Ivanti EPM Auth Bypass Now Under Active Exploitation, CISA Warns

CISA added CVE-2026-1603 to its Known Exploited Vulnerabilities catalog on March 9, confirming that attackers are actively exploiting an authentication bypass in Ivanti Endpoint Manager to steal credential data from enterprise systems.

TL;DR

• What happened: Auth bypass in Ivanti EPM lets attackers steal credentials without logging in
• Who's affected: All Ivanti Endpoint Manager versions before 2024 SU5
• Severity: CVSS 8.6 (High)
• Action required: Patch to EPM 2024 SU5 by March 23, 2026 (federal deadline)

How the Attack Works

The vulnerability is deceptively simple. By sending an HTTP request containing a specific "magic number" value (the integer 64), an attacker can bypass authentication and directly access protected EPM endpoints. No valid credentials required.

Once past the authentication check, attackers can pull encrypted credential blobs from the EPM Credential Vault. This vault typically stores high-privilege accounts including:

• Domain Administrator password hashes
• Service account credentials used by the management system
• API keys for integrated services
• Local admin passwords for managed endpoints

Horizon3.ai, which published technical details on the vulnerability, demonstrated how attackers can compromise entire domain environments starting from a single unauthenticated request.

Exploitation Timeline

Ivanti disclosed and patched CVE-2026-1603 in February 2026 with the EPM 2024 SU5 release. CISA's March 9 addition to the KEV catalog signals that attackers wasted no time weaponizing the flaw.

Federal Civilian Executive Branch agencies now have until March 23, 2026 to apply patches under Binding Operational Directive 22-01. Private organizations should treat this deadline as their own benchmark.

Field Effect security researchers confirmed active exploitation attempts targeting internet-facing EPM installations. Attackers appear to be scanning for vulnerable instances and attempting credential extraction.

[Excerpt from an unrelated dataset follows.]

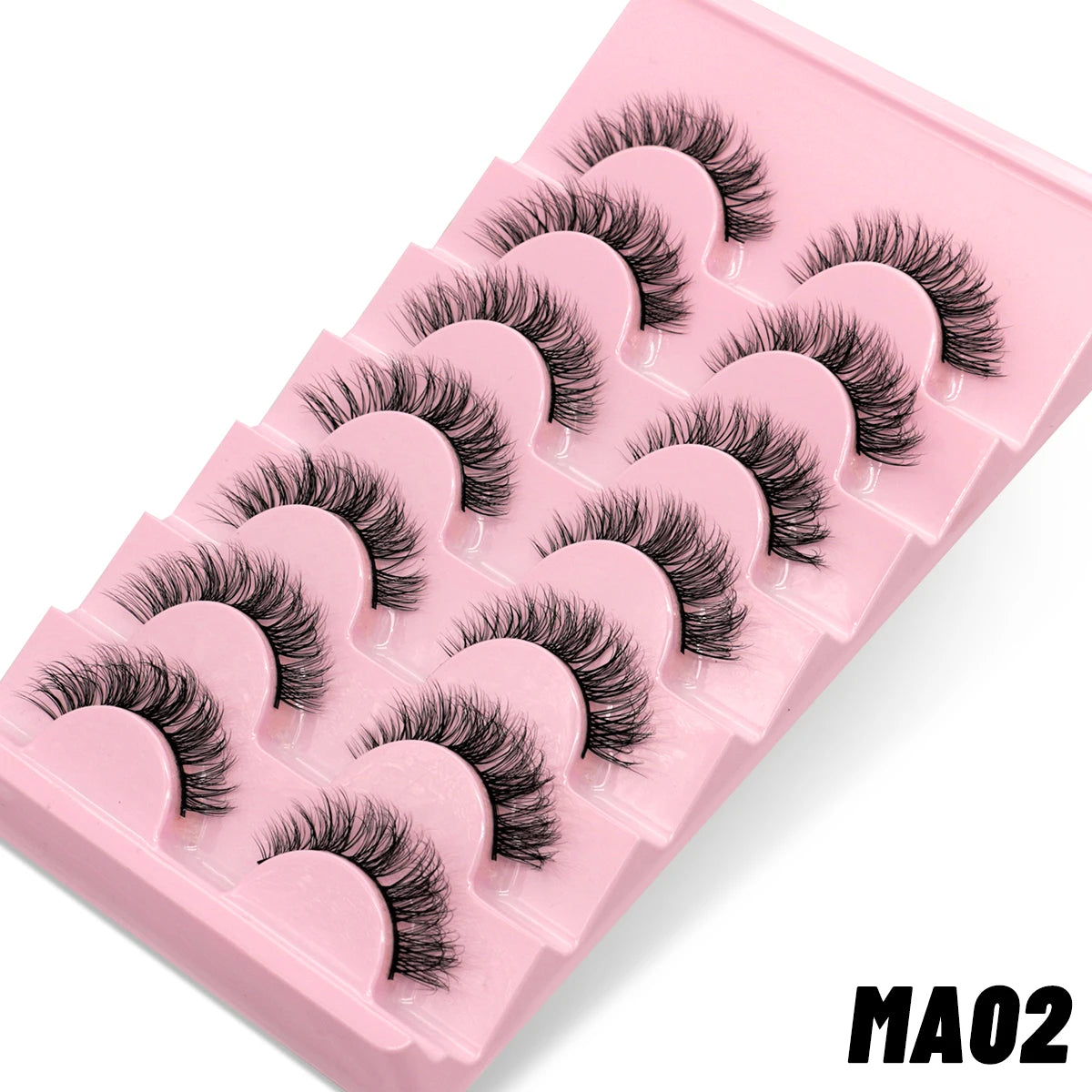 GROINNEYA 5/7/20 Pairs 3D Manga Lashes, Y2K Winged Cat Eye, Natural Extension Look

Ivanti's Troubled Security History

This marks another chapter in Ivanti's ongoing security challenges. The company's products have appeared in CISA's KEV catalog multiple times over the past year, including vulnerabilities in Ivanti Connect Secure, Policy Secure, and Neurons for ZTA.

The pattern is concerning for organizations relying on Ivanti for endpoint and access management. Each vulnerability disclosure followed by active exploitation suggests threat actors are closely monitoring Ivanti's security advisories.

Previous Ivanti vulnerabilities have been exploited by sophisticated actors including state-sponsored groups deploying persistent backdoors. Organizations should assume CVE-2026-1603 exploitation attempts are similarly capable.

What Attackers Gain

The credential vault access is particularly damaging because endpoint management systems typically hold keys to the kingdom. EPM deployments often include:

Domain Admin Credentials: Used for pushing software, running remote scripts, and managing Windows systems across the enterprise

Service Accounts: Automated accounts with elevated privileges for patch management, software deployment, and system monitoring

Local Admin Passwords: LAPS (Local Administrator Password Solution) or similar credentials for every managed endpoint

An attacker extracting these credentials gains immediate paths to lateral movement, privilege escalation, and potentially complete domain compromise.

Recommended Mitigations

Organizations running Ivanti Endpoint Manager should take immediate action:

1. Patch to EPM 2024 SU5 - This is the only complete remediation
2. Restrict network access - EPM consoles should never be internet-facing
3. Audit credential vault contents - Identify which accounts would be exposed
4. Rotate stored credentials - Assume compromise if patching was delayed
5. Monitor for unusual authentication - Watch for service account logins from unexpected sources

Why This Matters

Endpoint management platforms are high-value targets precisely because they centralize administrative access. Compromising EPM doesn't just give attackers one system, it hands them the credentials to manage every endpoint in the deployment.

The "magic number" bypass is also worth noting. This type of vulnerability, where a specific parameter value bypasses security checks, often indicates a debugging backdoor or testing feature that made it into production code. Similar patterns appear in other authentication bypass vulnerabilities we've analyzed.

For organizations evaluating their Ivanti deployments, this vulnerability should prompt a broader conversation about attack surface reduction. Does EPM need internet exposure? Are stored credentials properly segmented? What's the incident response plan if credential theft is detected?

FAQ

How do I know if my EPM instance was targeted?

Check web server logs for unusual requests to credential-related endpoints. The attack uses specific parameter patterns that leave traces. Ivanti has published indicators of compromise in their advisory.

Is the credential data encrypted?

Yes, but the encryption doesn't prevent lateral attacks. Attackers can often crack the encryption offline or use the hashes directly for pass-the-hash attacks against Windows systems.